Omitting the pictures, output all of the records precisely as written.

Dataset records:
--*--

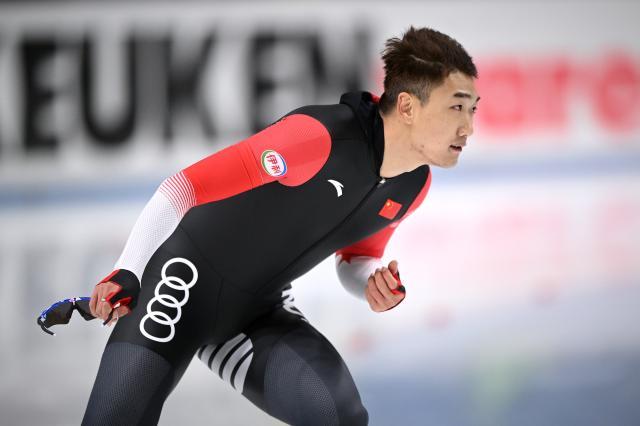 开云官方网站-破场地纪录夺冠 高亭宇速滑世界杯500米封王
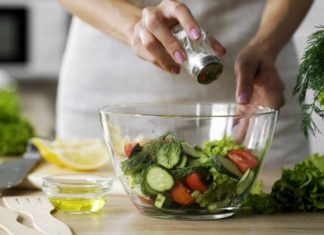 4 Ways to Get Rid of Eye Bags and Restore a Beautiful Face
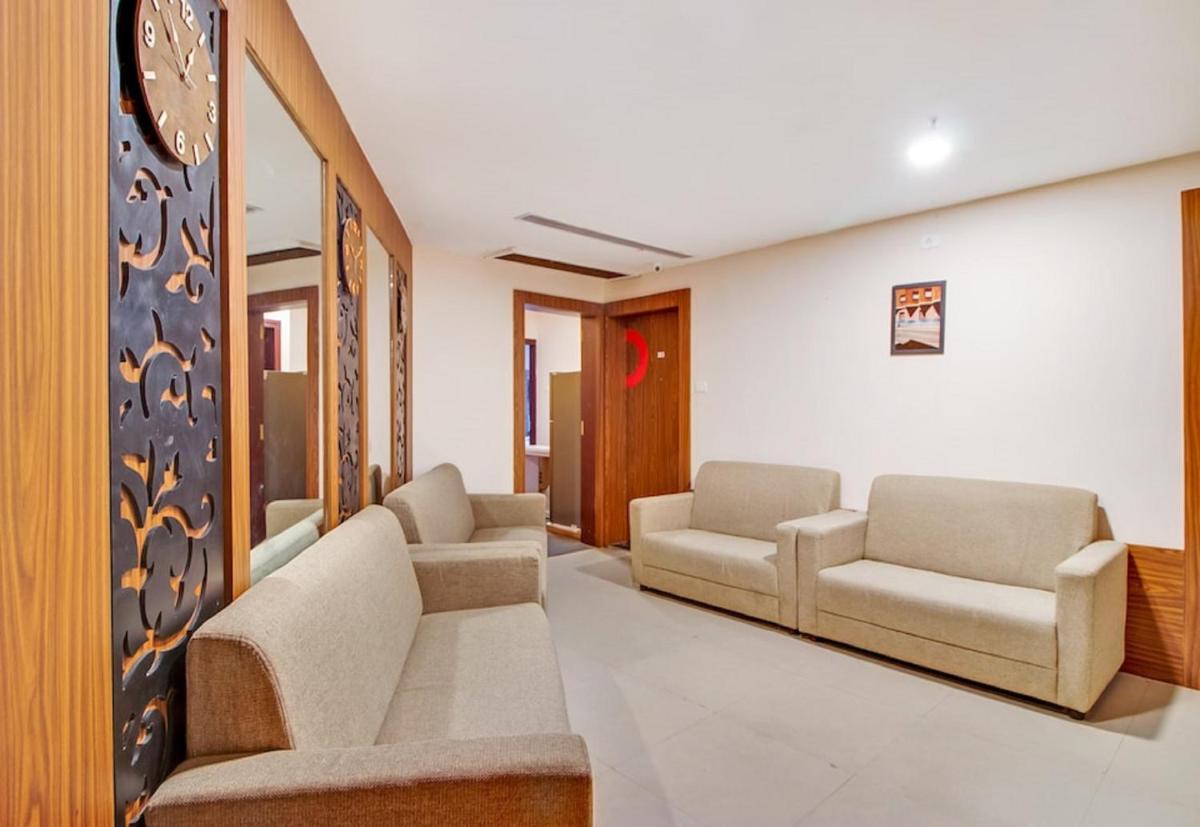 Aishwaryam Hotel - Housity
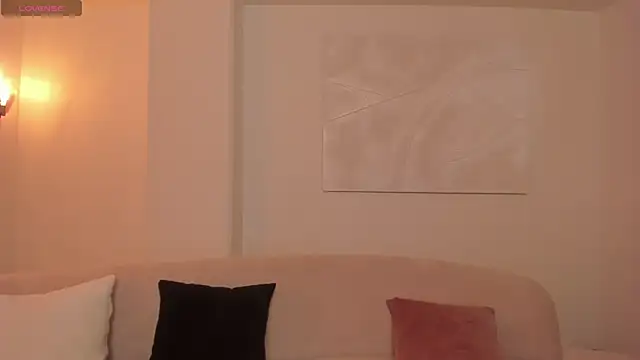 Snapshot of LucianaMillerX chatting on January 9, 2025, 3:04 am LucianaMillerX online show from January 9, 2025, 3:04 am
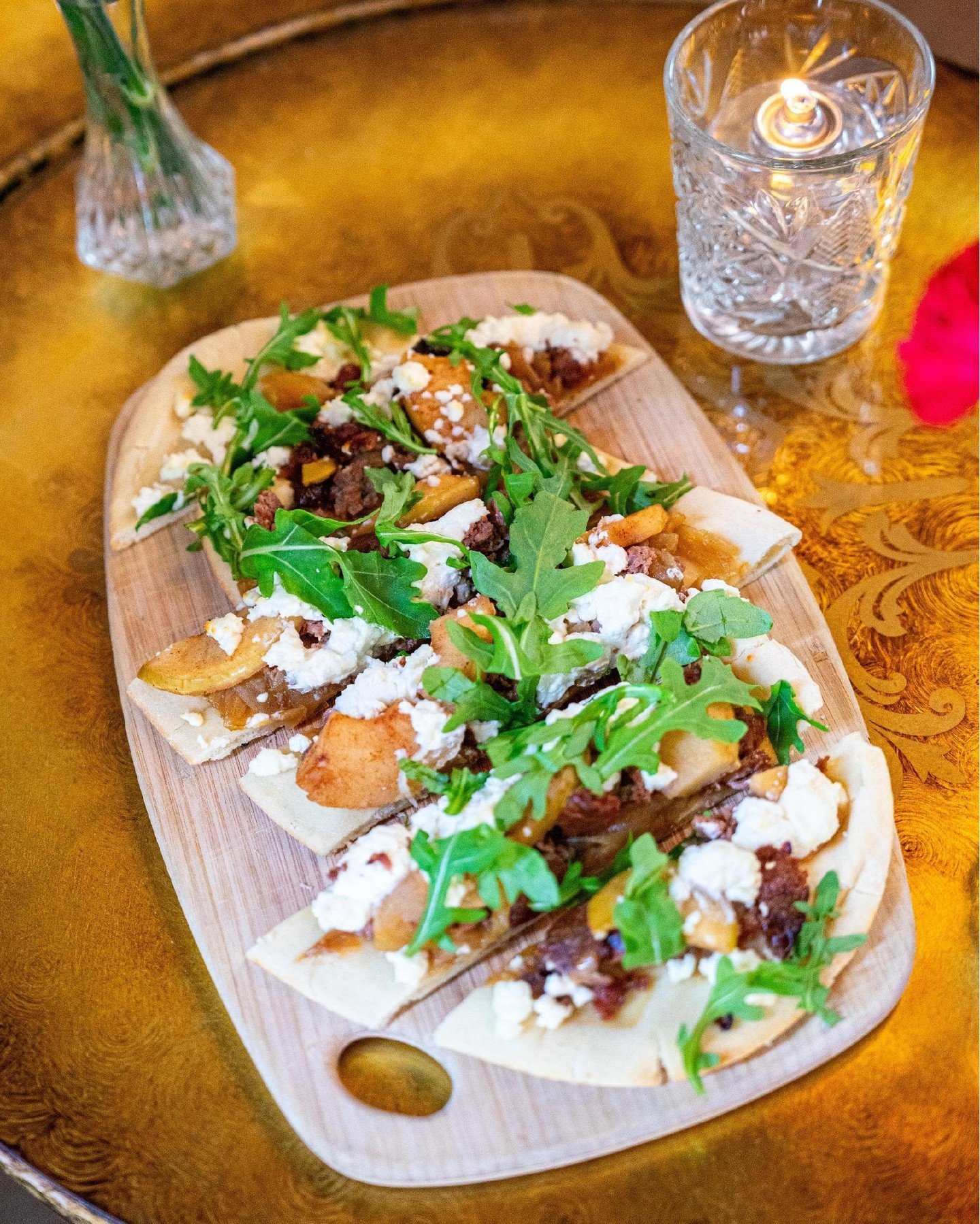 The perfect addition to your Sunday is ✨of course✨ a flatbread from Baileys' Chocolate Bar! 

Duck &amp; Apple Flatbread: duck sausage, caramelized onions
honey-roasted apples, and goat cheese

Open until 10pm!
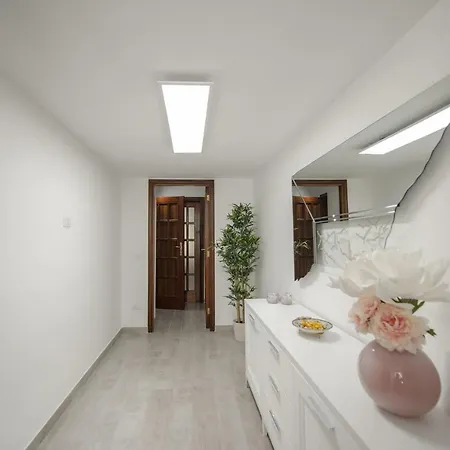 Miranda Apartment- Nel Cuore Del Vomero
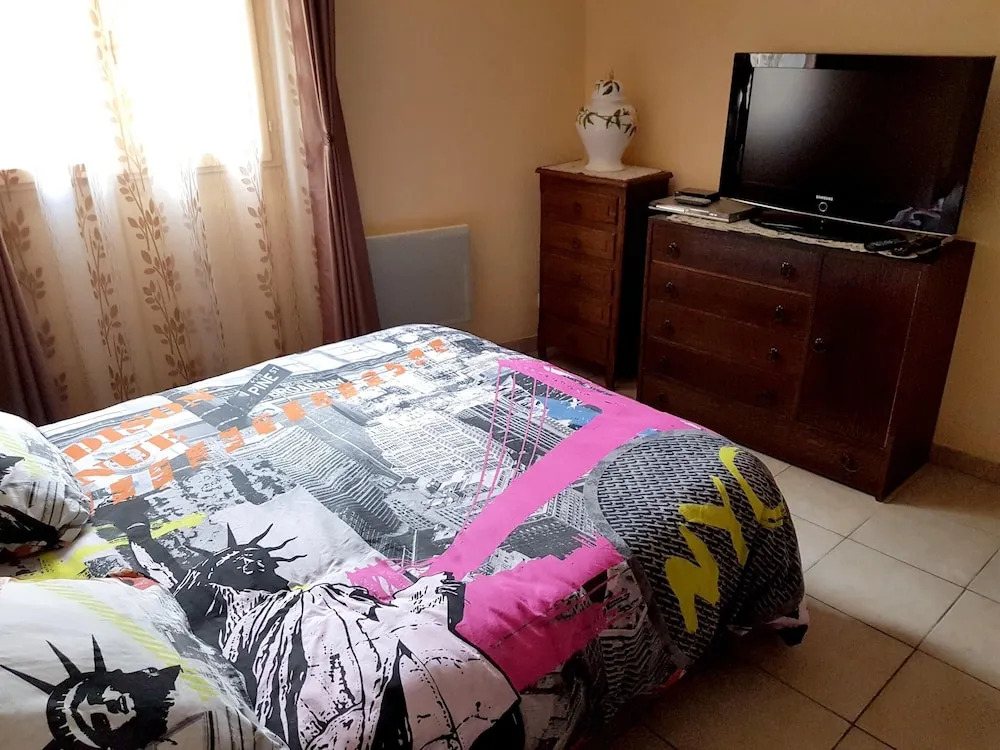 House With 2 Bedrooms in Ver-sur-mer, With Enclosed Garden - 100 m From the Beach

--*--

* **TASK RESPONSE**:
 开云官方网站-破场地纪录夺冠 高亭宇速滑世界杯500米封王
 4 Ways to Get Rid of Eye Bags and Restore a Beautiful Face
 Aishwaryam Hotel - Housity
 Snapshot of LucianaMillerX chatting on January 9, 2025, 3:04 am LucianaMillerX online show from January 9, 2025, 3:04 am
 The perfect addition to your Sunday is ✨of course✨ a flatbread from Baileys' Chocolate Bar! 

Duck &amp; Apple Flatbread: duck sausage, caramelized onions
honey-roasted apples, and goat cheese

Open until 10pm!
 Miranda Apartment- Nel Cuore Del Vomero
 House With 2 Bedrooms in Ver-sur-mer, With Enclosed Garden - 100 m From the Beach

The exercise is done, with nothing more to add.